The ecru shade also helps. Stark white can sometimes feel too bright or too precious for daytime office dressing, especially when paired with black tailoring. This softer tone keeps the look grounded, so the blazer sharpens the jeans instead of overpowering them.
Why white denim feels right now
Spring 2026 denim is leaning back toward basics, and that shift matters. The strongest denim mood right now is not novelty, but restraint, with classic silhouettes and familiar shapes taking the lead. Who What Wear has described the season’s direction as relaxed but intentional, polished but never overdone, which is exactly the territory Coughlan’s outfit occupies.
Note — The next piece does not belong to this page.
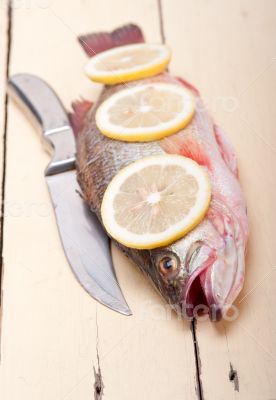 fresh whole raw fish fresh whole raw fish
White denim also benefits from a small but stubborn piece of fashion folklore: the old ban on wearing white after Labor Day. That rule dates back to late-19th-century American elite culture and is now widely considered outdated, which is why white, ecru and ivory denim can feel newly useful as warm-weather staples rather than seasonal exceptions. Once you stop treating white jeans like a special occasion, they become one of the easiest ways to make spring dressing feel current.
The office formula to copy
The beauty of Coughlan’s outfit is that it gives you a repeatable formula, not just a look to admire. Start with a white or cream shirt that has enough structure to sit neatly under a blazer. Add an oversize black jacket, because the contrast between the tailored outer layer and the lighter denim is what gives the outfit its edge.
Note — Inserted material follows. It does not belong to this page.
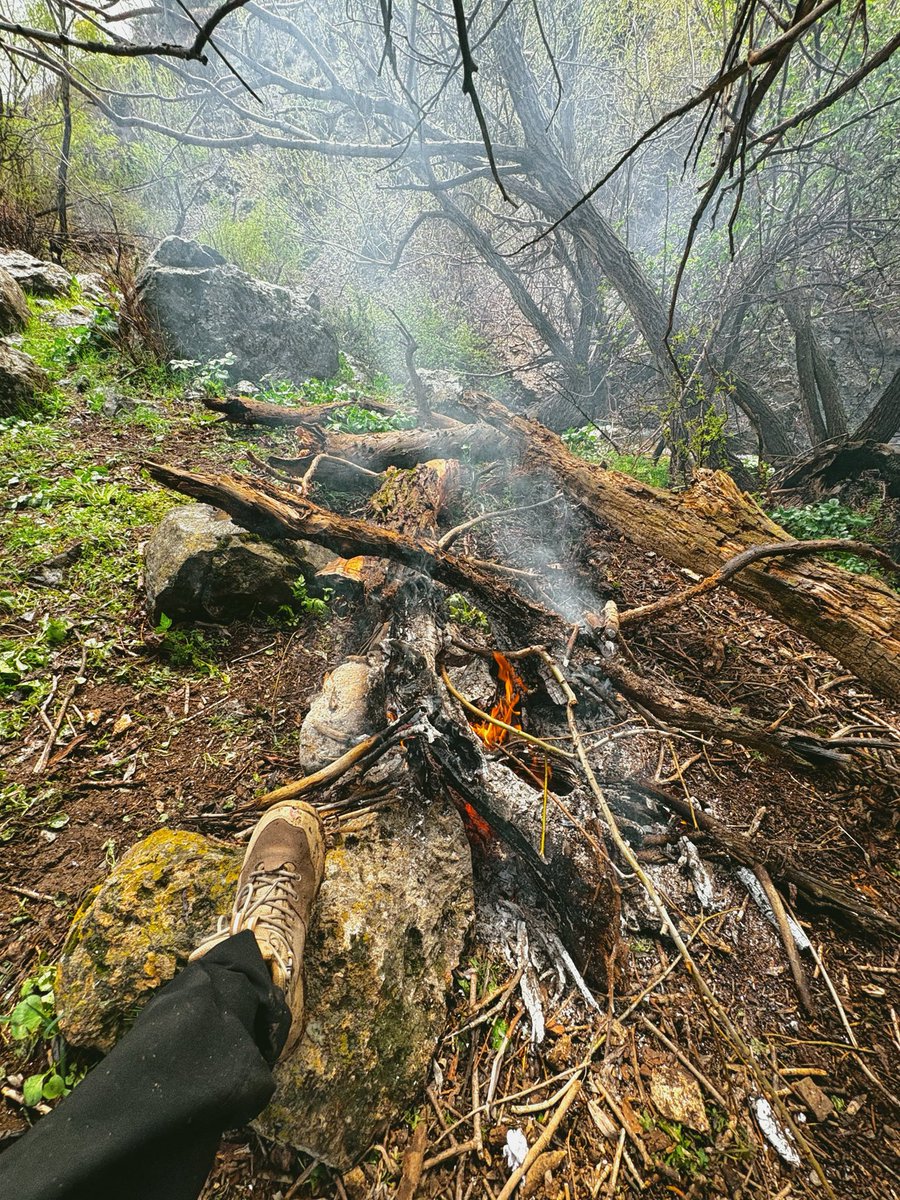 عه امیرم tweet media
- Choose white jeans or ecru jeans with a mid-rise waist and a trouser-like leg, not a distressed or ultra-skinny shape.
- Keep the shirt crisp and unruffled so the denim feels intentional, not casual.
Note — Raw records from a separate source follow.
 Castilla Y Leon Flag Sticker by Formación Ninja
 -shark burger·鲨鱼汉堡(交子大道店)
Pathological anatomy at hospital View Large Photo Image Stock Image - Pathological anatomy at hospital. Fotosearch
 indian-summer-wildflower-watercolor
- Use a belt in the same pale family as the jeans, like Coughlan’s white J&M Davidson belt, to keep the line clean.
- Finish with a shoe that adds lift and shine, such as metallic-silver platform pumps, which bring enough energy to keep the outfit from going flat.
That last detail is what separates office denim from weekend denim. The silver pumps catch the light and make the pale jeans feel dressed up, while the blazer keeps the whole look anchored in workwear territory. If you want the outfit to read more boardroom than brunch, the formula is simple: sharp jacket, clean shirt, pale jean, polished shoe.
The luxury accent is optional, not the lesson
Coughlan’s Bottega Veneta Mini Hop bag, priced at $3,400, adds a sleek final note, but it is not the reason the outfit works. It is a reminder that one expensive accessory can sharpen the perception of an otherwise straightforward outfit, though the real style intelligence sits in the proportions and the restraint. The bag is the flourish; the jeans are the argument.
That is why this look resonates beyond celebrity style. It turns white denim into something practical, modern and office-appropriate, not a summer-only indulgence. In a season that is returning to classics, Nicola Coughlan’s version is the one worth copying: clean, assured, and easy enough to wear on an ordinary workday.